5 Schluss: Das Fazit fasst die Ergebnisse zusammen und betont die begrenzte Aussagekraft aktueller Wirkungsanalysen hinsichtlich der wohlfahrtsökonomischen Rechtfertigung staatlicher Förderprogramme.
Schlüsselwörter
FuE-Förderung, Wirkungsanalyse, Treatmenteffektanalyse, Potential-Outcome-Modell, Kausalität, Matchingverfahren, Selektionsmodell, Crowding-Out, Wohlfahrtsökonomie, SUTVA, Propensity Score, Endogenität, Innovationspolitik, Deutschland, Ökonometrie.
Häufig gestellte Fragen
Worum geht es in dieser Bachelorarbeit grundsätzlich?
Die Arbeit untersucht kritisch die Effektivität und wohlfahrtsökonomische Begründbarkeit der staatlichen Förderung von Forschung und Entwicklung (FuE) in Deutschland.
Was sind die zentralen Themenfelder?
Die zentralen Felder sind die ökonomische Theorie hinter FuE-Subventionen, die methodischen Standards zur Messung kausaler Effekte sowie die kritische Würdigung empirischer Studien zu diesem Thema.
Was ist das primäre Ziel der Arbeit?
Das Ziel ist es, herauszufinden, ob existierende empirische Wirkungsanalysen ausreichen, um eine wohlfahrtsökonomische Beurteilung der staatlichen FuE-Förderung vorzunehmen.
Welche wissenschaftlichen Methoden werden verwendet?
Die Arbeit nutzt Literaturanalysen, die formale Herleitung wohlfahrtsökonomischer Modelle sowie die kritische ökonometrische Prüfung von Treatmenteffekt-Schätzverfahren.
Was wird im Hauptteil behandelt?
Im Hauptteil werden zunächst die theoretischen Grundlagen der Kausalanalyse (Potential-Outcome-Modell) und verschiedene Schätzverfahren (Matching, OLS, Selektionsmodelle) erläutert, bevor diese kritisch auf konkrete empirische Studien angewendet werden.
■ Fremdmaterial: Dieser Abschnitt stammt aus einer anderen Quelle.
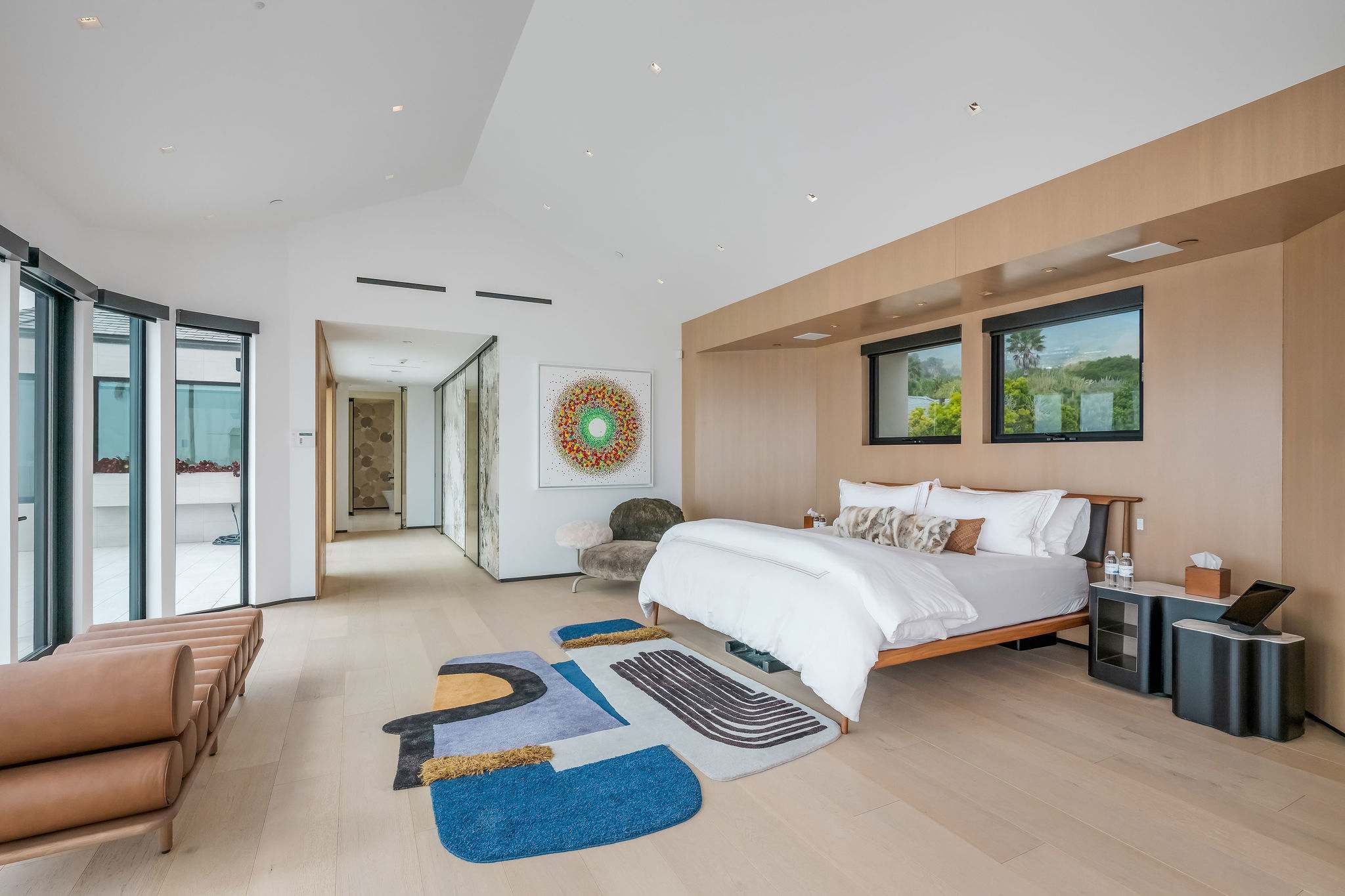 Guest bedroom with lounge seating and clean-lined modern design.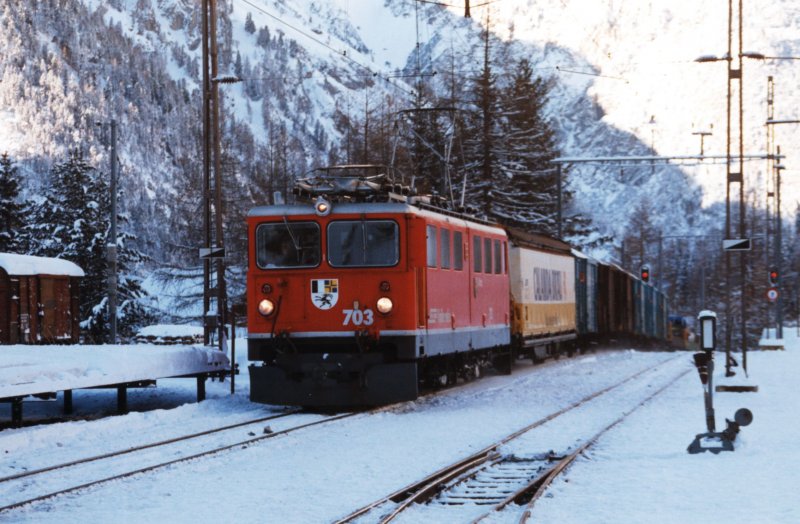 RhB Ge 6/6 703 with freight train on 05.01.1995 at Preda.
Welche Schlüsselwörter charakterisieren die Arbeit?
Zu den Kernbegriffen gehören FuE-Förderung, Treatmenteffektanalyse, Kausalität, Matchingverfahren, Selektionsverzerrungen und wohlfahrtsökonomische Aussagekraft.
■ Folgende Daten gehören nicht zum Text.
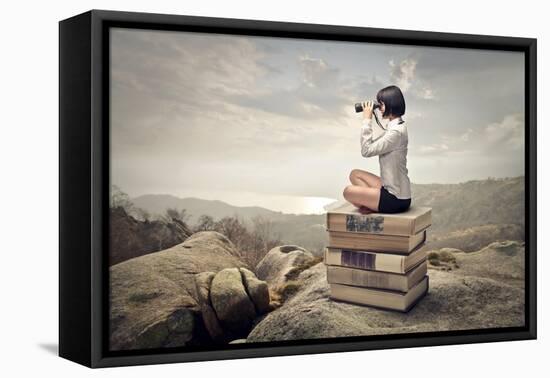 Beautiful Woman Sitting On A Pile Of Old Books Watching With Binoculars-olly2-Framed Stretched Canvas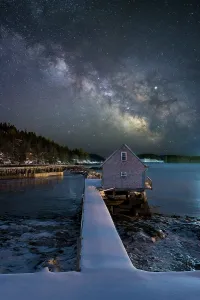 Board Walk Prints: Milky Way over boathouse in Stonington, Deer Isle, Maine, USA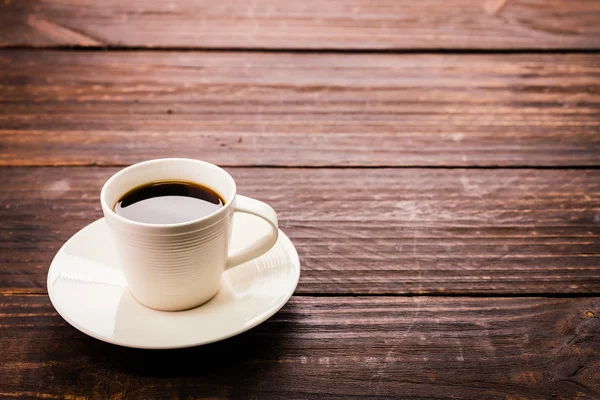 Coffee cup on wooden background — Stock Photo, Image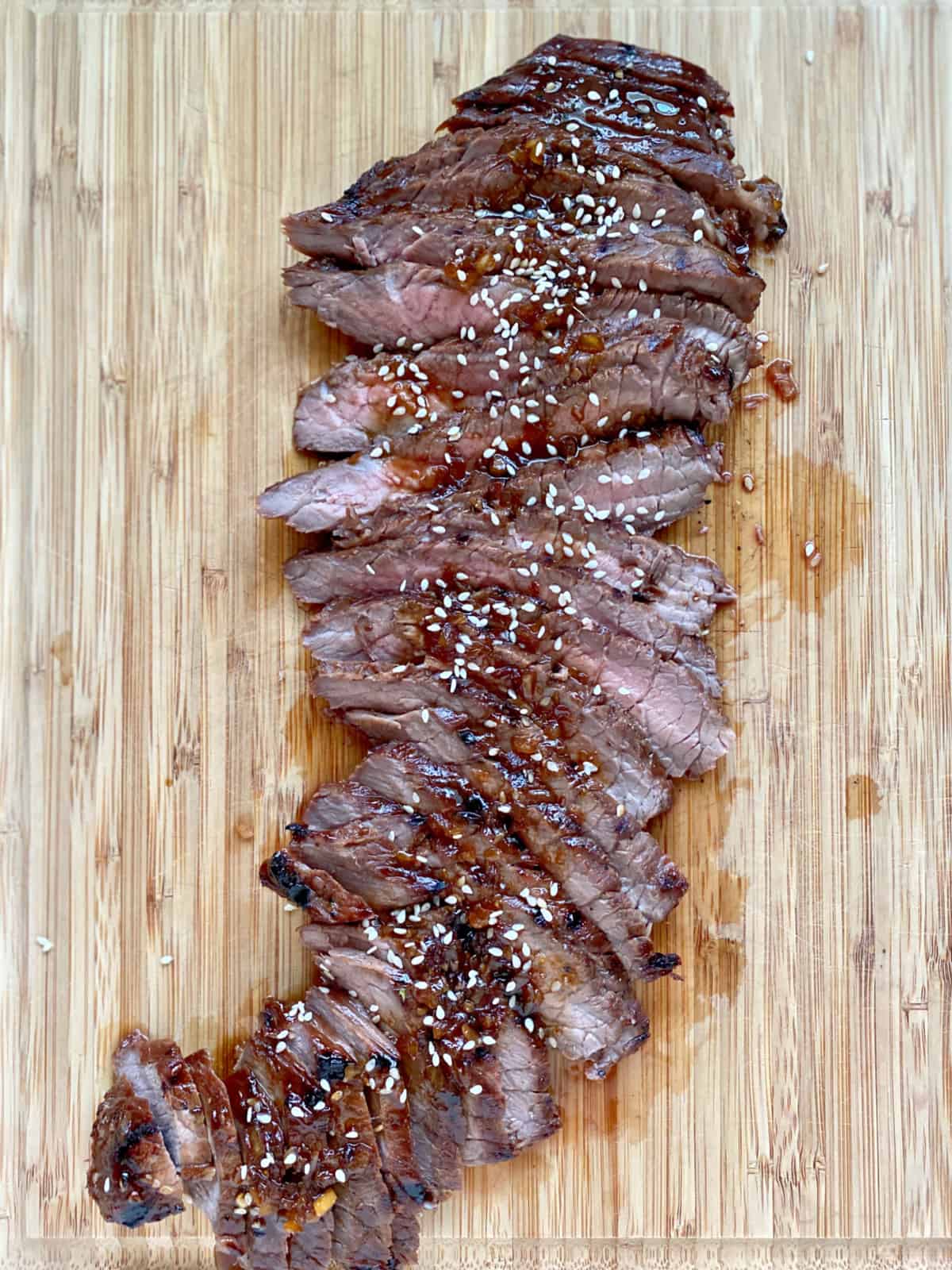 Top view of a wood cutting board with sliced steak topped with sauce and sesame seeds.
Was ist die "Stable Unit Treatment Value Assumption" (SUTVA) und warum ist sie wichtig?
SUTVA ist die Annahme, dass der kausale Effekt für ein Individuum nicht davon abhängt, ob andere Individuen das Treatment erhalten. Sie ist eine notwendige Voraussetzung für die Validität der meisten Kausalanalyseverfahren.
Warum sind "naive Schätzer" in der Kausalanalyse problematisch?
Naive Schätzer vergleichen einfache Durchschnittswerte von Treatment- und Kontrollgruppe, ohne Selektionsverzerrungen zu berücksichtigen, was bei nicht-zufälliger Treatmentvergabe zu verzerrten Ergebnissen führt.
Welchen Vorteil bieten Matchingverfahren gegenüber Standard-Regressionsmodellen?
Matchingverfahren erlauben es, "Gleiches mit Gleichem" zu vergleichen, ohne auf starke Annahmen über die funktionale Form des Zusammenhangs angewiesen zu sein, was sie bei heterogenen Treatmenteffekten robuster macht.